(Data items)

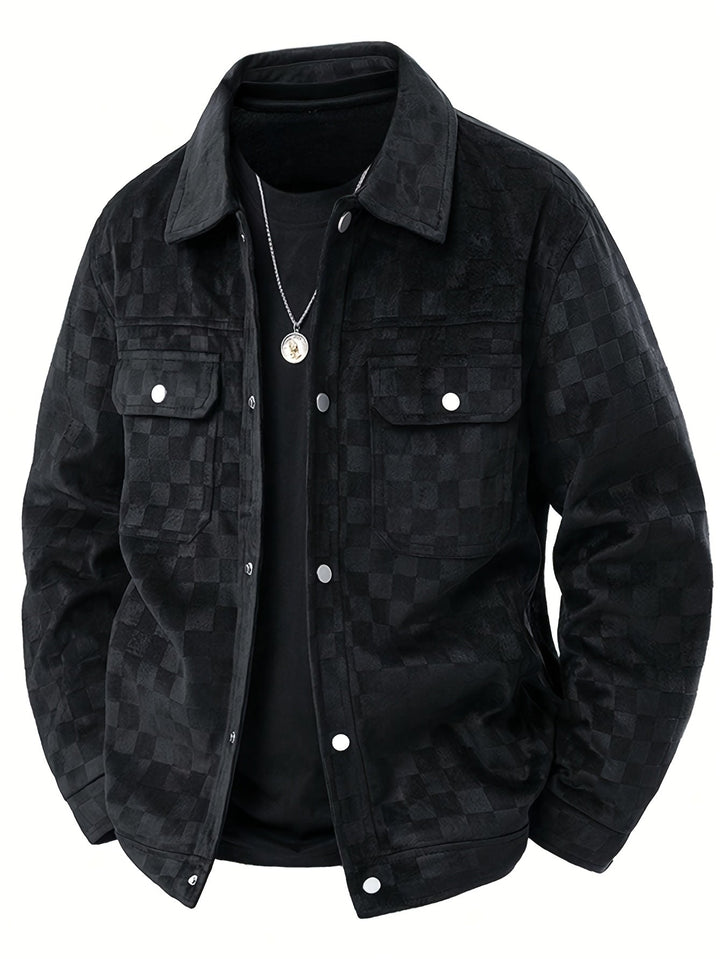 Men's stylish checkered jacket, modern fit. Perfect casual outerwear for layering & comfort.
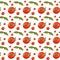 Bright tomato texture seamless digital pattren on a white background. Print for banners, wrapping paper, posters, cards, invitatio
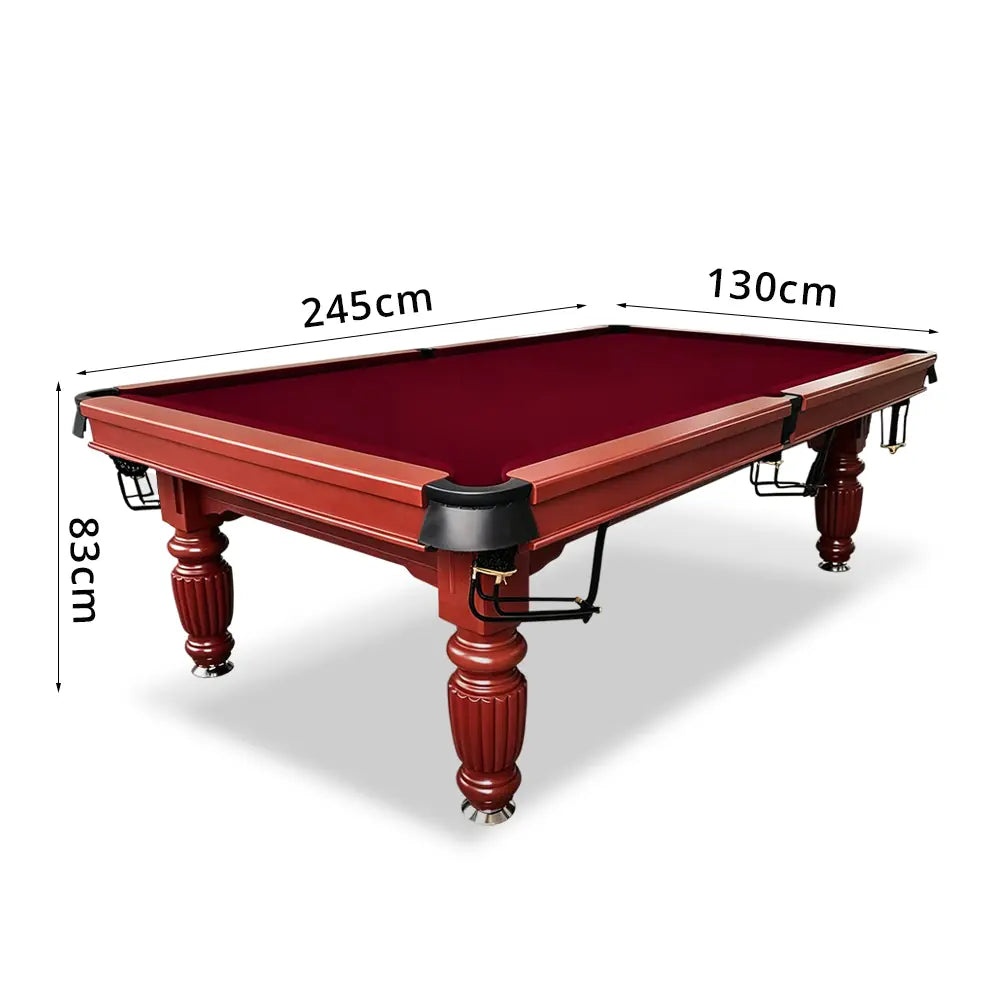 QUESLA 7/8/9FT Slate Pool Table 20mm Slate Solid Timber Adjustable Levellers for Home Club Office - Walnut Frame & Burgundy Felt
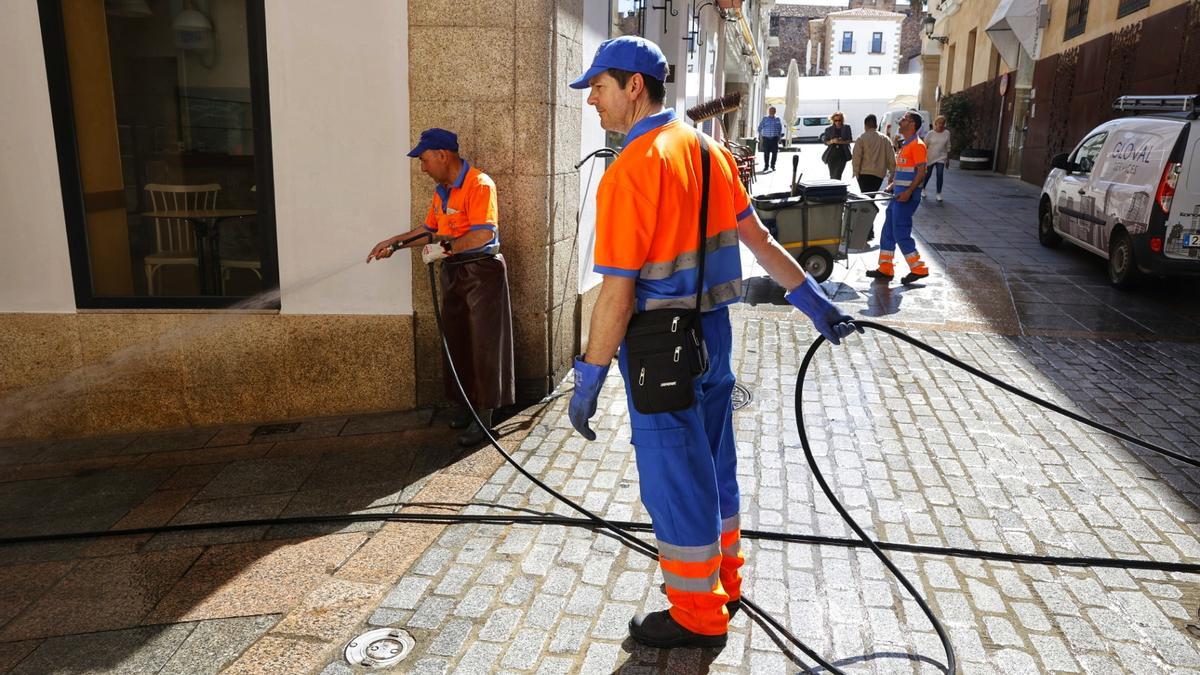 Limpieza del entorno de la ciudad monumental de Cáceres para la Semana Santa.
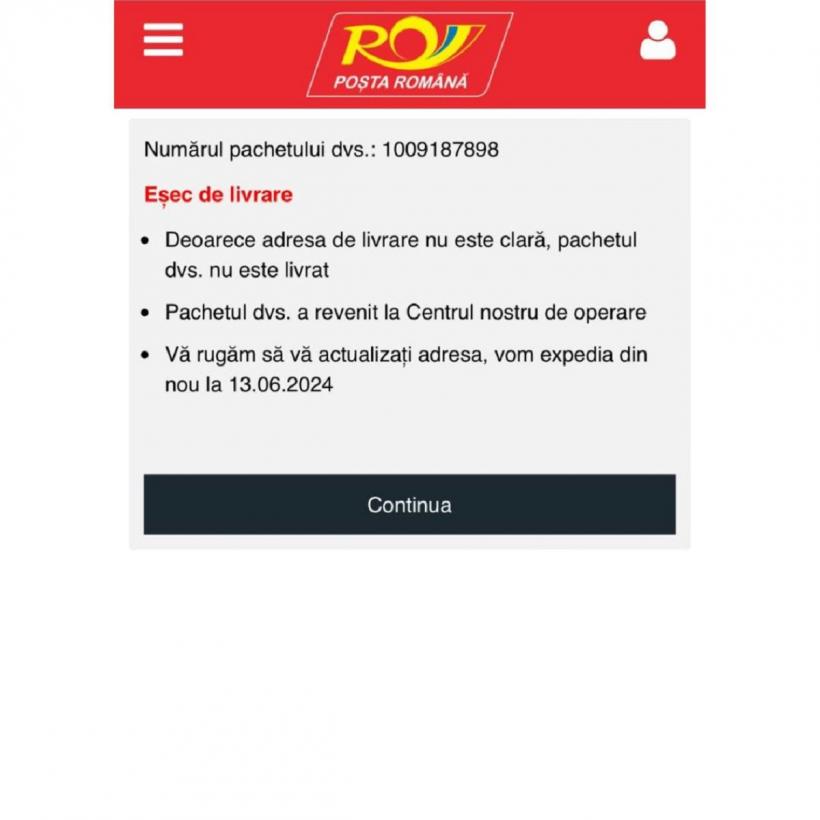 Avertisment! Campanii de tip Scam, care folosesc numele Poștei Române 18910987
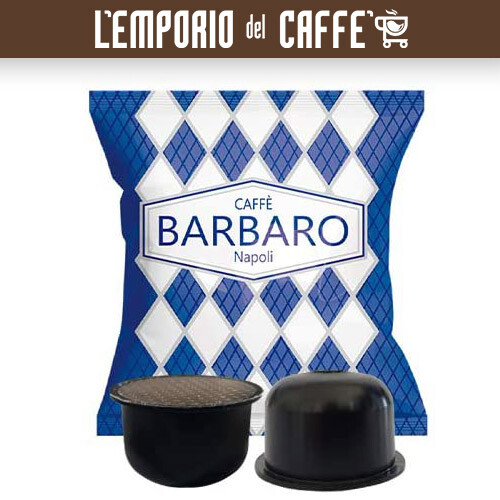 200 Capsule Caffe Barbaro Compatibili con Macchine Aroma Vero Cremoso Napoli Blu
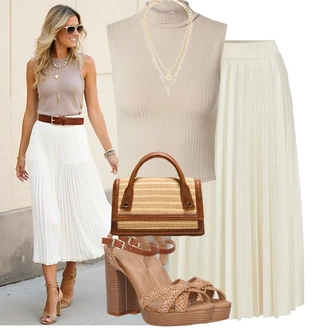 Outfit sa Smeđa/Bež/Bijela Sandale Sandala s petom/Ljetna Cipela/Vintage sandala/Sandalice s blok petom/Pletena Sandala/cipela s remenom/Sandala na Petu About You "Moderan look za slobodno vrijeme"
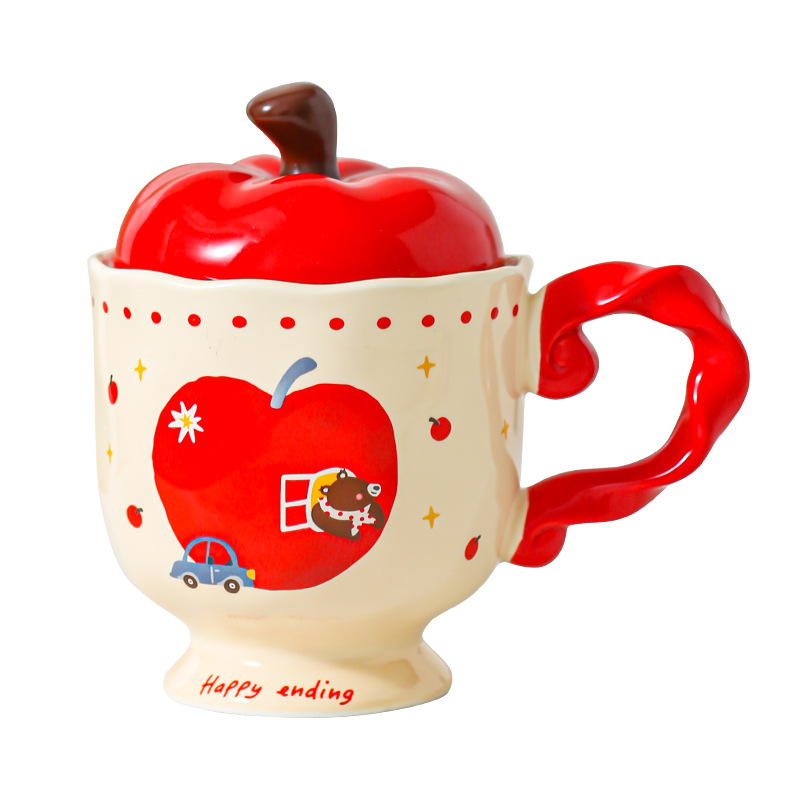 Taza de cerámica de manzana creativa, regalo de oficina, taza de café, taza de agua, taza de desayuno para parejas, regalo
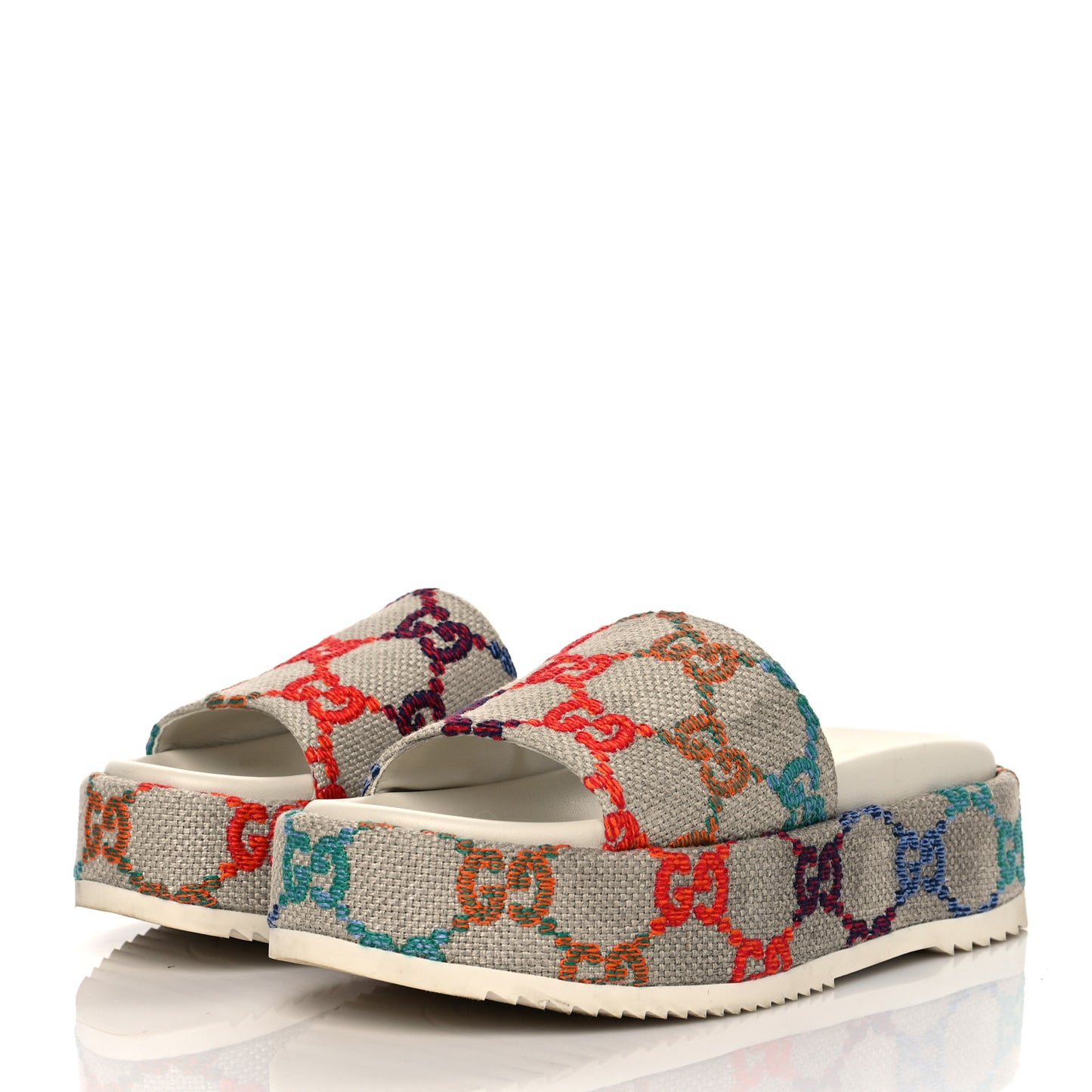 Linen Psychedelic Mini GG Monogram Angelina Platform 55mm Slide Sandals 37.5 Multicolor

Task details: In the data above, the line containing "Outfit sa Smeđa/Bež/Bijela" and all lines after it are to be reproduced exactly, leaving out the pictures.

Exercise response:
 Outfit sa Smeđa/Bež/Bijela Sandale Sandala s petom/Ljetna Cipela/Vintage sandala/Sandalice s blok petom/Pletena Sandala/cipela s remenom/Sandala na Petu About You "Moderan look za slobodno vrijeme"
 Taza de cerámica de manzana creativa, regalo de oficina, taza de café, taza de agua, taza de desayuno para parejas, regalo
 Linen Psychedelic Mini GG Monogram Angelina Platform 55mm Slide Sandals 37.5 Multicolor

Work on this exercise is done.